Highly-placed railway sources billed the whole project as “back to square one”. A top railway official said it would take anywhere between six months to a year for a new project report to be prepared. K-RIDE would carry out the work instead of consultancy firm, RITES, which had prepared the present report.
It may be recalled that the report was meant to be placed before the Union Cabinet on its last working day on March 7, but was dropped at the last minute as the financial viability
of the project came into question.

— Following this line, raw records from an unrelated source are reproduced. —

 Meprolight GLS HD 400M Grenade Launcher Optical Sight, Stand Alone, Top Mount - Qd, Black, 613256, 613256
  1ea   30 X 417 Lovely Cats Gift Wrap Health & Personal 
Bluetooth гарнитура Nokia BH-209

The letter, signed by Ruth Changsan, the director of Metropolitan Transport Project, Railway Board, New
Delhi, dated April 10, says, “The PMO vide ID dated March 20 has directed the Board to restructure the Bengaluru suburban transport project, as discussed in the meeting chaired by principal secretary to the Prime Minister, held on March 11. The Ministry of Finance vide office memorandum dated March 25 was also furnished with observations on the proposal.”

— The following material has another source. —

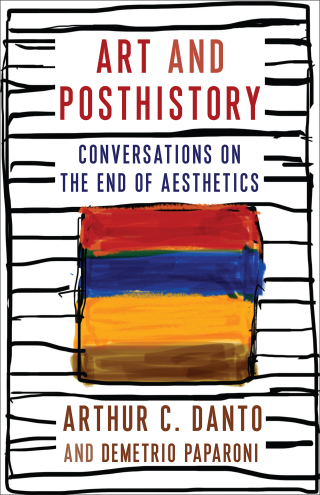 表紙画像: Art and Posthistory 9780231204774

It has listed five major aspects that need to be reworked. Calling for reducing the number of suburban stations with the City, it felt the core of the city needs to be served by the Metro or bus. “The proposed suburban lines should not compete with Metro. The suburban lines should be planned to bring people from and to suburban areas of the city, and for their development as nodal centres,” it said.
The Kengeri to Whitefield corridor proposed in the suburban project had been strongly opposed by BMRCL, as it felt that Metro operations will cater to the same route. A similar issue was raised about the Yelahanka-Rajanukunte route as well as the suburban line to airport.
The letter also called for bifurcation of the project into many point-to-point projects. The fares should be fixed such that it would meet the Operations and Maintenance cost of the project. It called for a comparison to be made, with the fares prevalent in other modes of transport.
The Finance Ministry has suggested reworking the financial cost of the project with Viability Gap Fund (one-time grant) as well as the implementation of the individual point-to-point projects through public-private partnership mode. It called upon “the State government and Ministry of Railways to facilitate this by offering surplus land parcels or VGF and structure it on a revenue sharing basis.”